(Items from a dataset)
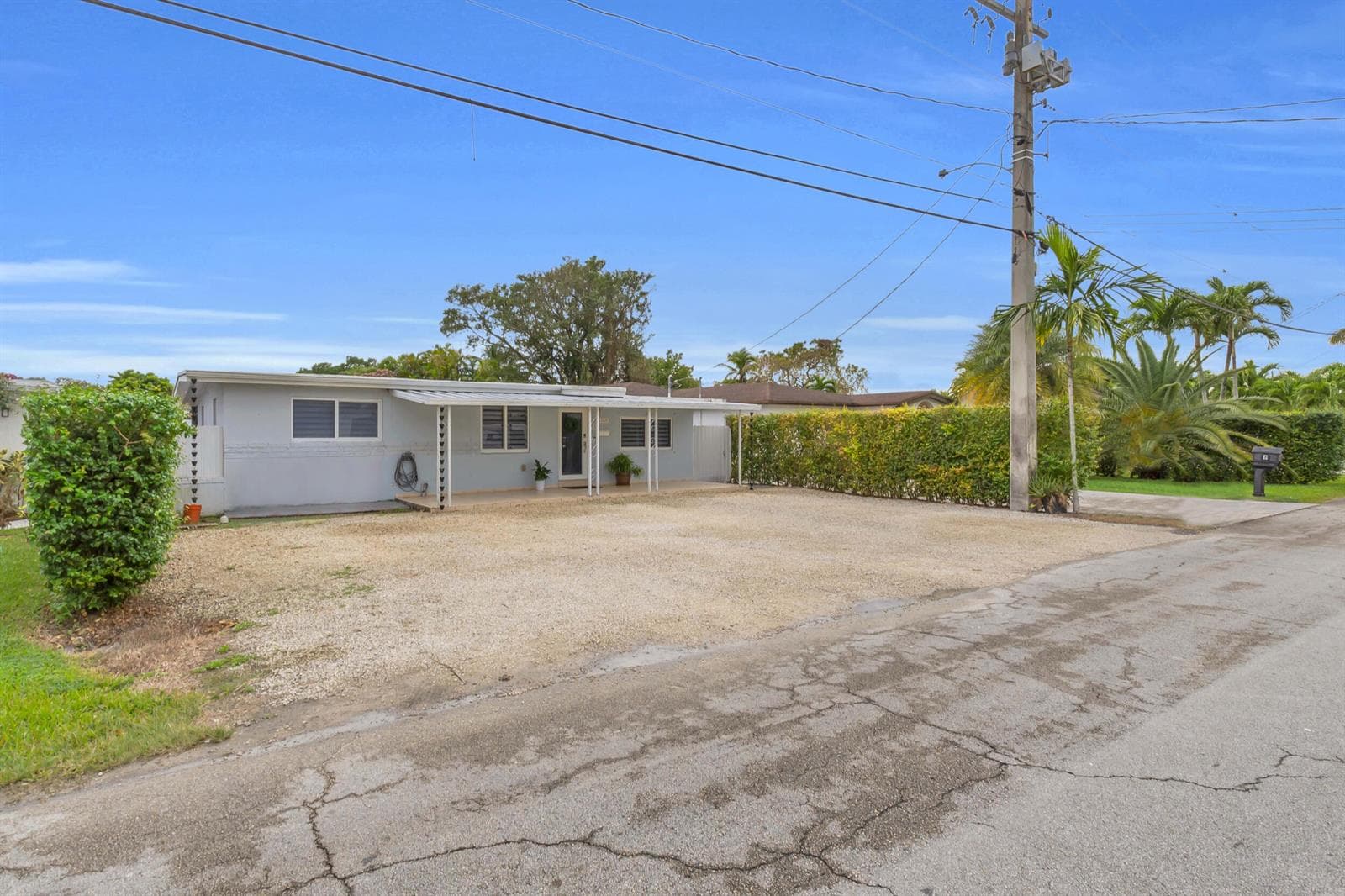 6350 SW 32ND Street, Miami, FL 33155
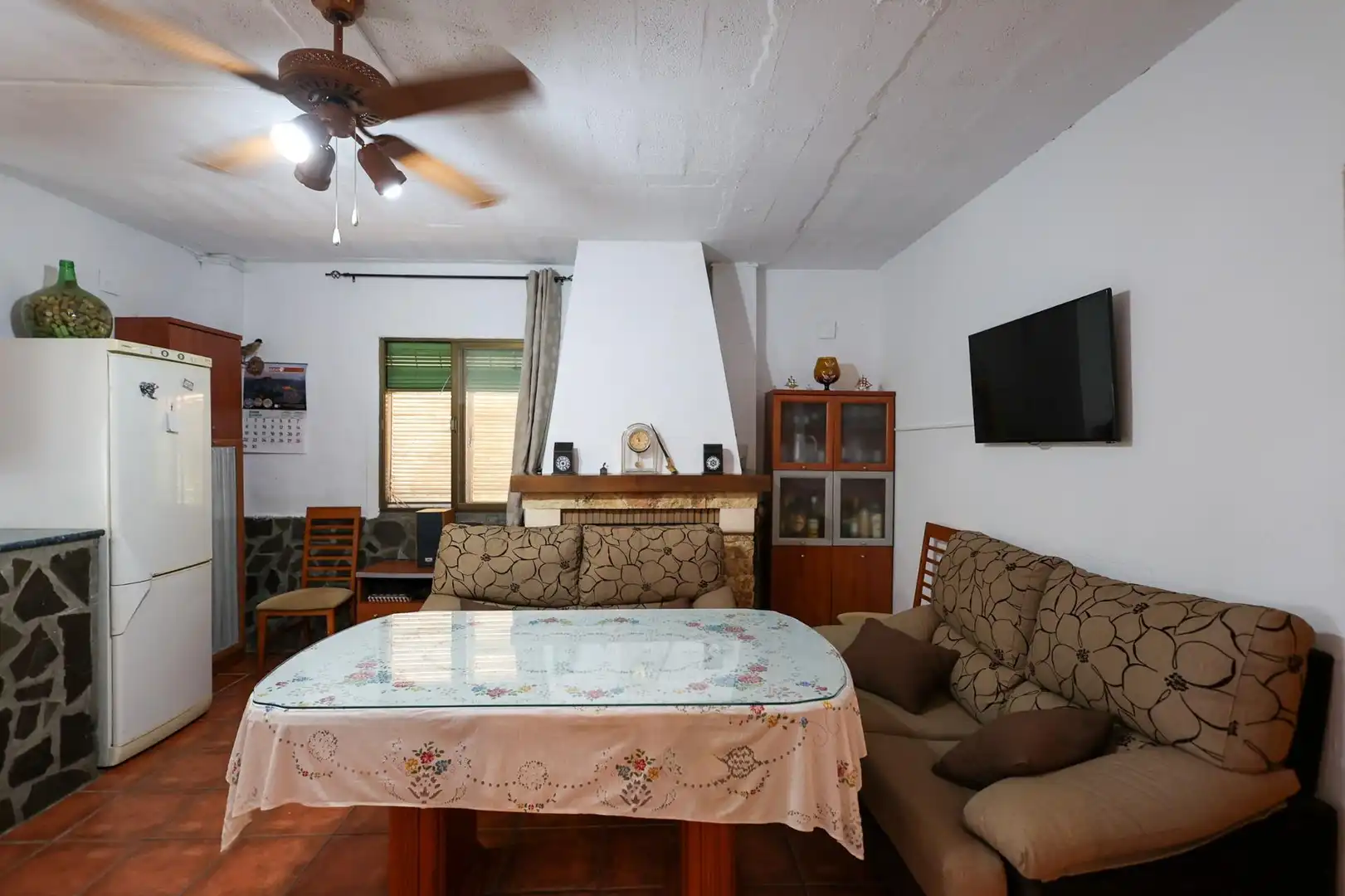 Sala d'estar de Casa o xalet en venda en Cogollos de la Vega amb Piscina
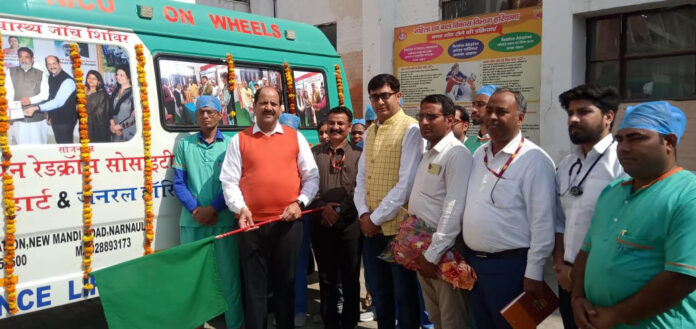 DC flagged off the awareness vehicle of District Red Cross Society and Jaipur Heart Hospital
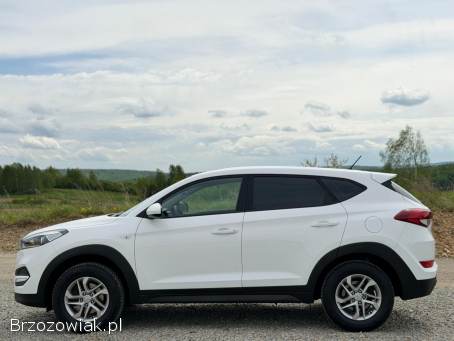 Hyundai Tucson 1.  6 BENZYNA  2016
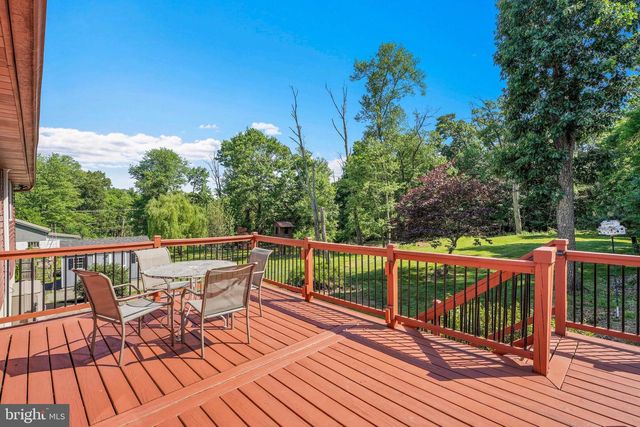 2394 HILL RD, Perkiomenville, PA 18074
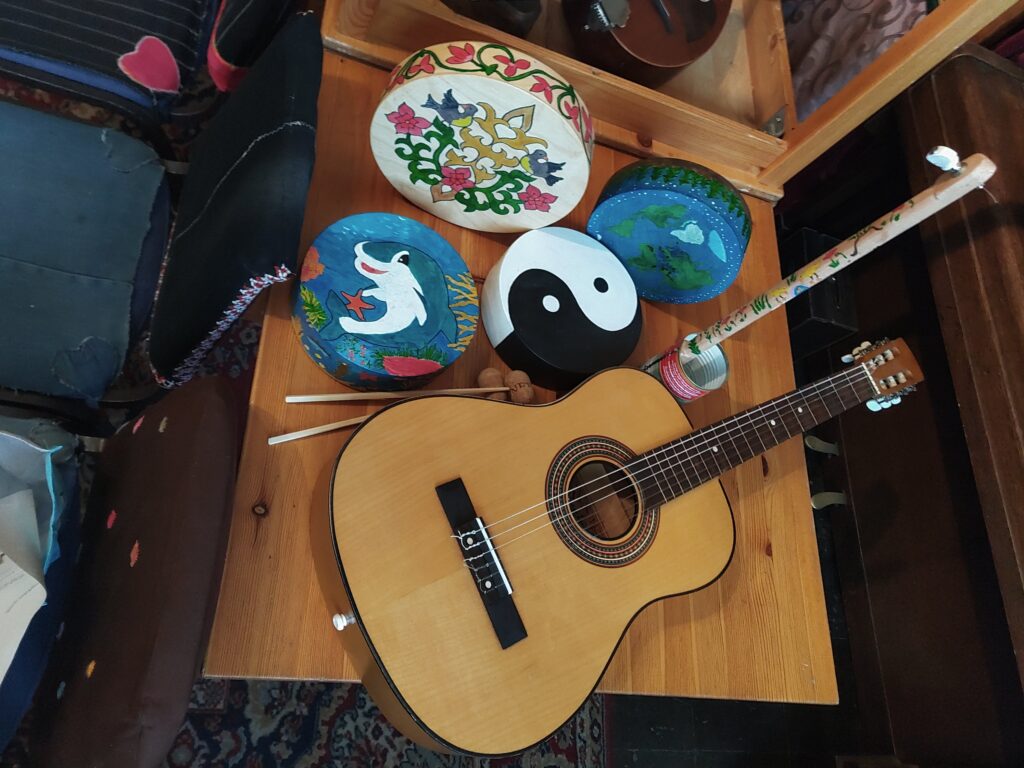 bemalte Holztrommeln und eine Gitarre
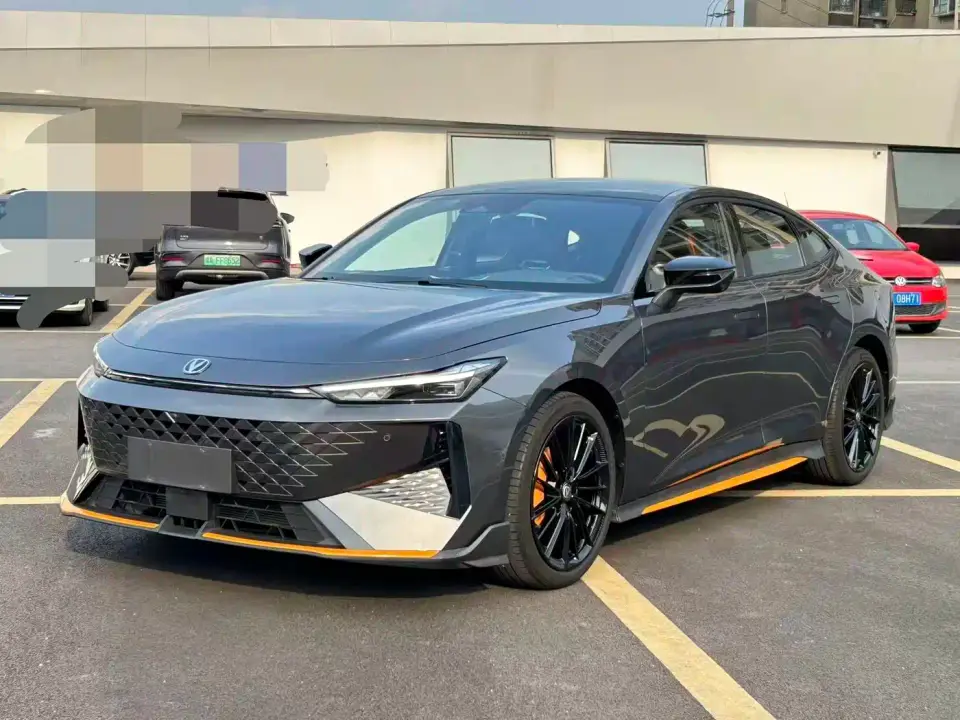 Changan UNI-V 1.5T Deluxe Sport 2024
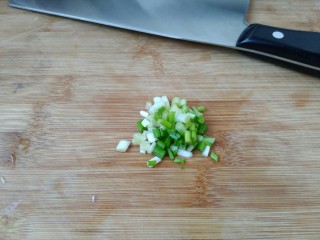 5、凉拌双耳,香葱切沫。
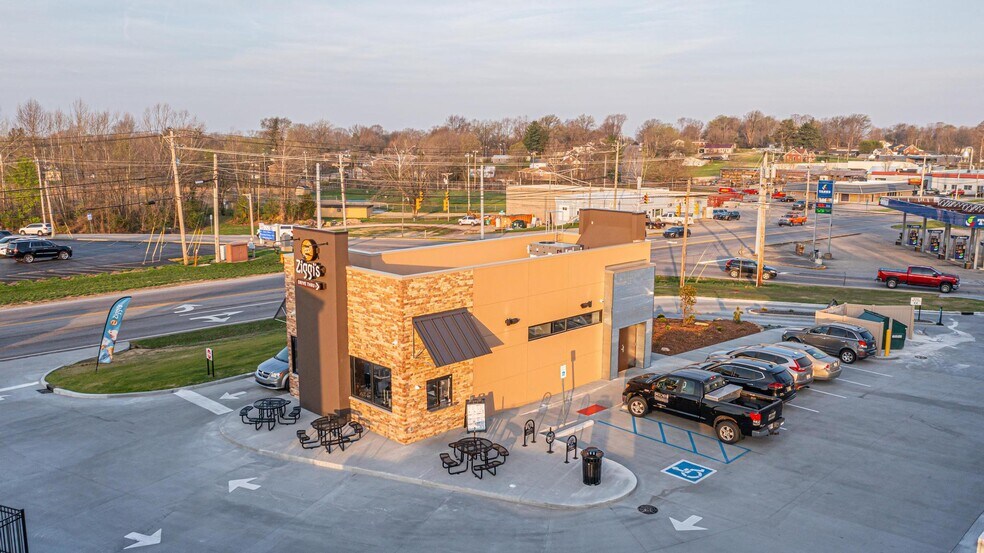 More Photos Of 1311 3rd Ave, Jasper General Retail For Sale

• Instructions to follow
Transcribe the records above exactly as they appear, leaving out any pictures.

• Reply to the exercise
 6350 SW 32ND Street, Miami, FL 33155
 Sala d'estar de Casa o xalet en venda en Cogollos de la Vega amb Piscina
 DC flagged off the awareness vehicle of District Red Cross Society and Jaipur Heart Hospital
 Hyundai Tucson 1.  6 BENZYNA  2016
 2394 HILL RD, Perkiomenville, PA 18074
 bemalte Holztrommeln und eine Gitarre
 Changan UNI-V 1.5T Deluxe Sport 2024
 5、凉拌双耳,香葱切沫。
 More Photos Of 1311 3rd Ave, Jasper General Retail For Sale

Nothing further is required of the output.